It's truly stunning how far home entertainment technology has come in terms of how we watch movies. When I was a kid we had VHS tapes, but not only have we moved on from those, but we've almost completely moved on from their successor, DVD, as well, with the rise of Blu-ray and streaming movies. While most of us could have never seen it coming, one person absolutely did: Roger Ebert.

The LA Times recently dug up an interview with the world's most famous critic that was written back in 1987 in which he talks about the future of movie watching, and he is scary accurate, plus or minus a few smaller details. Scope out the excerpt below.
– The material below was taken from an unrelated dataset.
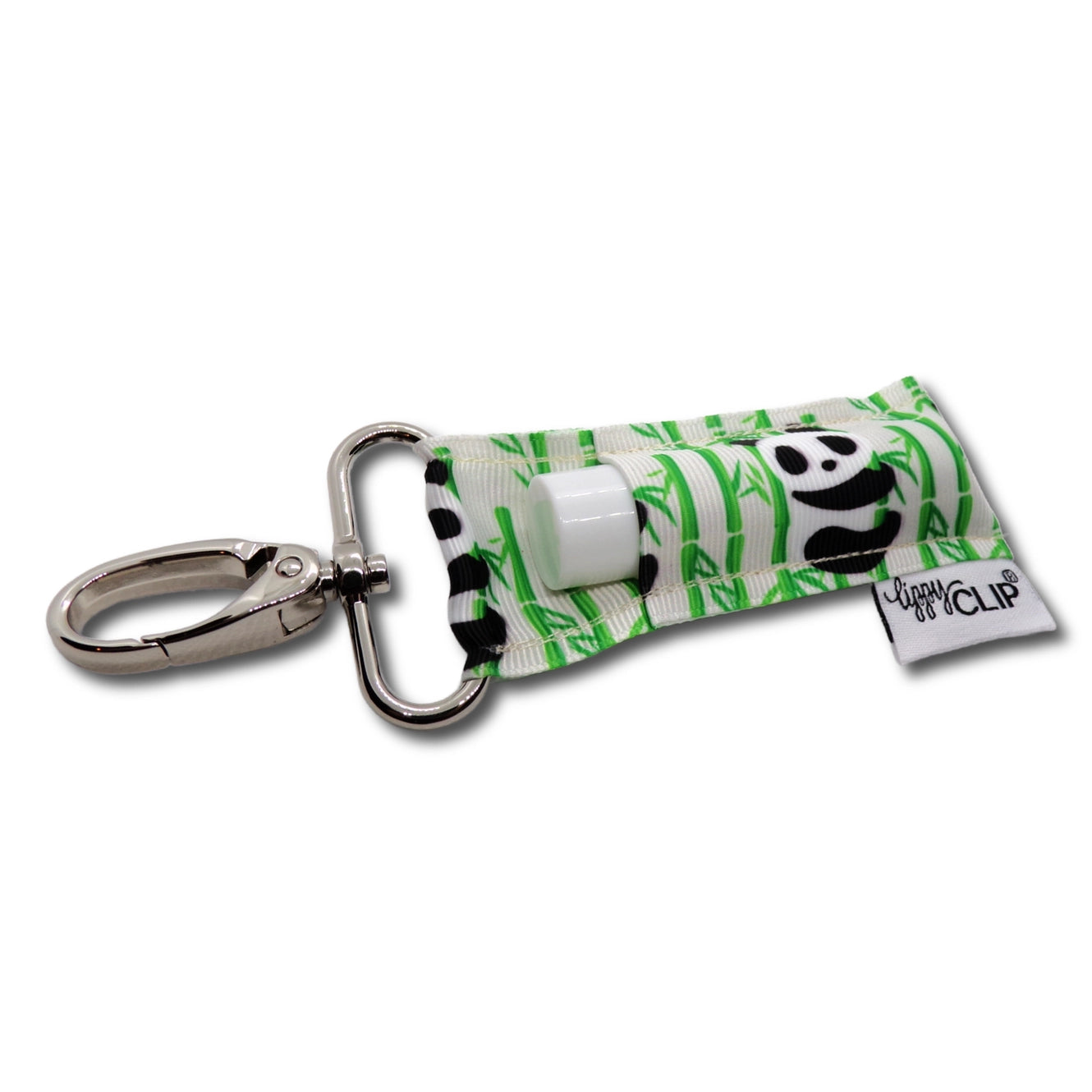 Lippy Clips - Assorted Pattern Keychain Lip Balm Holders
"We will have high-definition, wide-screen television sets and a push-button dialing system to order the movie you want at the time you want it. You'll not go to a video store but instead order a movie on demand and then pay for it. Videocassette tapes as we know them now will be obsolete both for showing prerecorded movies and for recording movies. People will record films on 8mm and will play them back using laser-disk/CD technology. I also am very, very excited by the fact that before long, alternative films will penetrate the entire country. Today seventy-five percent of the gross from a typical art film in America comes from as few as six --six-- different theaters in six different cities. Ninety percent of the American motion-picture marketplace never shows art films. With this revolution in delivery and distribution, anyone, in any size town or hamlet, will see the movies he or she wants to see."
Did you just get chills down your spine, because I certainly did. In one fell swoop the guy predicted the saturation of HD TVs, DVDs, OnDemand and independent film distribution. How many of you can see 24 years into the future of your chosen profession? Like I said, scary accurate.